MGM Sues Over Bond Promos: MGM/UA, ever protective of its successful 007 franchise, has sued a Hollywood production company, alleging that Starcom Television Services Inc. used copyrighted movie trailers from MGM’s own promotional film “James Bond Forever” to produce a two-hour TV documentary on the James Bond film series. The federal lawsuit claims that the trailers were never made public and that Starcom stole them as part of an effort to cash in on the success of the newest Bond film, “GoldenEye.” However, Starcom CEO Gary Worth said he was “rather perplexed” at the lawsuit and said his company used only “the material [MGM] made available to promote their own films.” Starcom’s syndicated documentary, “The Total James Bond,” aired in Los Angeles Sunday on KNBC-TV Channel 4.

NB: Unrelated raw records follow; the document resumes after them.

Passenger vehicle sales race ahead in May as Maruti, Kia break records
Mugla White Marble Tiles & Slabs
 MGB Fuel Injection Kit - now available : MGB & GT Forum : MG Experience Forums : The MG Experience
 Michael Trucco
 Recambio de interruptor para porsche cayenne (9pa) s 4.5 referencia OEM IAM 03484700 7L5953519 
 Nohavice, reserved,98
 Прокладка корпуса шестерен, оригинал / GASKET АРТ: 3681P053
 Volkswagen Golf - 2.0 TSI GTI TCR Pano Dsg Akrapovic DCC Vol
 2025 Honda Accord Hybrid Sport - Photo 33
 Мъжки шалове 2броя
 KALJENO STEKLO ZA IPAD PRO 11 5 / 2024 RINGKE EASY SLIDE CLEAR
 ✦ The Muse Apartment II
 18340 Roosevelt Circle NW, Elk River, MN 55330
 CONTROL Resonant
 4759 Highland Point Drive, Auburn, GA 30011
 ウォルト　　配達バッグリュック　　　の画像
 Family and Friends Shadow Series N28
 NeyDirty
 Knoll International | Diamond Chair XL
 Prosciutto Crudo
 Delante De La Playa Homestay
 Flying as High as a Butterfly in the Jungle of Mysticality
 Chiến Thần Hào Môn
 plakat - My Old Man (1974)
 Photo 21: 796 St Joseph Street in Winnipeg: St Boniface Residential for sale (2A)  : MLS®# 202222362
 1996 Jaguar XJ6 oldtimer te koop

The 61st Minute: CBS commentator Andy Rooney added the latest wrinkle to the “60 Minutes” controversy Wednesday by writing in his syndicated column that his remarks on last Sunday’s program were edited by executive producer Don Hewitt. Rooney’s commentary, following the program’s controversial broadcast on the tobacco industry, did air--but Rooney apparently had to omit criticism of CBS’ decision to pull an interview with a former tobacco company executive as well as remarks aimed at its chief executive, Laurence Tisch. According to his column, the television commentary originally included the line: “Most of us think the chairman of the board ran our company badly.” Rooney says he considered quitting after the incident. Meanwhile, Hewitt told the newspaper, Newsday, that his response to Rooney’s charges was: “Fine. He’s a free citizen.”


Thanksgiving Cheer: Radio station KUSC-FM (91.5) will lend an indigenous focus to Thanksgiving festivities today by airing “Native American Traditions Transformed: Songs, Stories, Rituals and Rock,” an 8-10 p.m. broadcast including Montana Sioux singer-storyteller Georgia Wattlin-Larsen, Arizona’s Yaqui Deer Singers and the New Mexican rock group Red Thunder. . . .


Country star Dwight Yoakam will headline a benefit concert at West Hollywood’s Viper Room Dec. 19, with proceeds going to the Los Angeles Mission and the L.A. Firemen’s Relief Organization. Tickets are $100 and $200. . . . Retired Gen. Norman Schwarzkopf, whose contract as a commentator is up at CBS News, is talking to NBC News about “doing a whole lot of things” including commentary on “Nightly News,” according to a network spokeswoman. No deal has been signed, however. . . . Billie Joe Armstrong, 23, lead singer for the rock group Green Day, was arrested and fined $141.85 for indecent exposure Tuesday night after he mooned the audience during a show at the Milwaukee Arena.